(Caption-style text data)
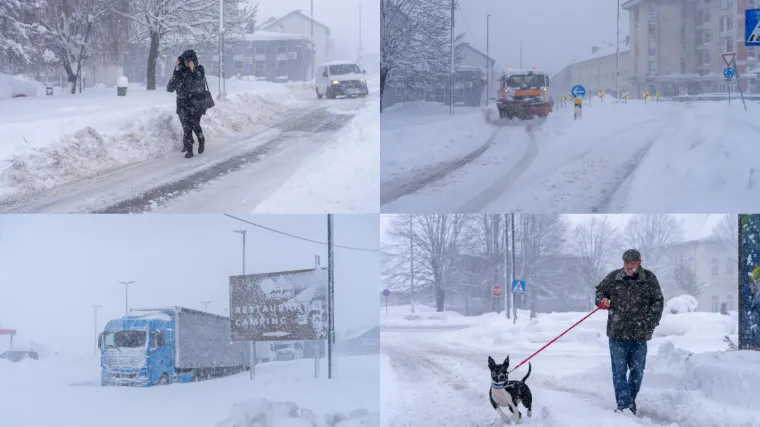 Kaos u Korenici, situacija se pogor&scaron;ava: Spa&scaron;ena obitelji s malom djecom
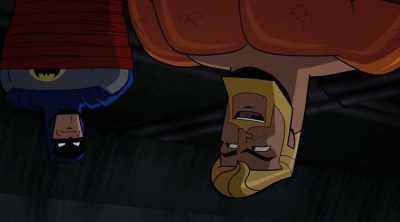 I'll masterfully misdirect
that malevolent miscreant. - Scooby-Doo! & Batman: The Brave and the Bold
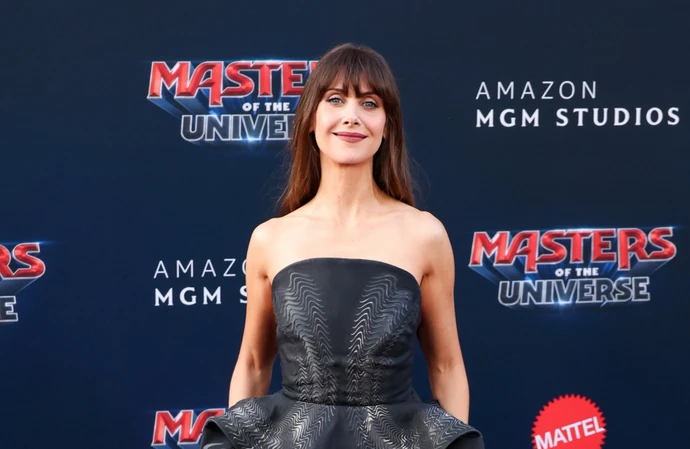Alison Brie says the reaction from men to her role in the upcoming Masters of the Universe film has been unlike anything she has experienced before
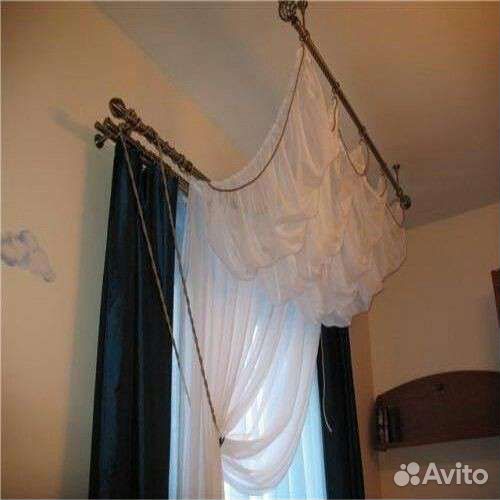 Шторы в морском стиле комплект на 2 окна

- **EXERCISE DESCRIPTION**
When you reach the line that contains "that malevolent miscreant.", start reproducing, and continue word for word to the end of the records; skip all pictures.

- **REPLY TO THE TASK**
that malevolent miscreant. - Scooby-Doo! & Batman: The Brave and the Bold
Alison Brie says the reaction from men to her role in the upcoming Masters of the Universe film has been unlike anything she has experienced before
 Шторы в морском стиле комплект на 2 окна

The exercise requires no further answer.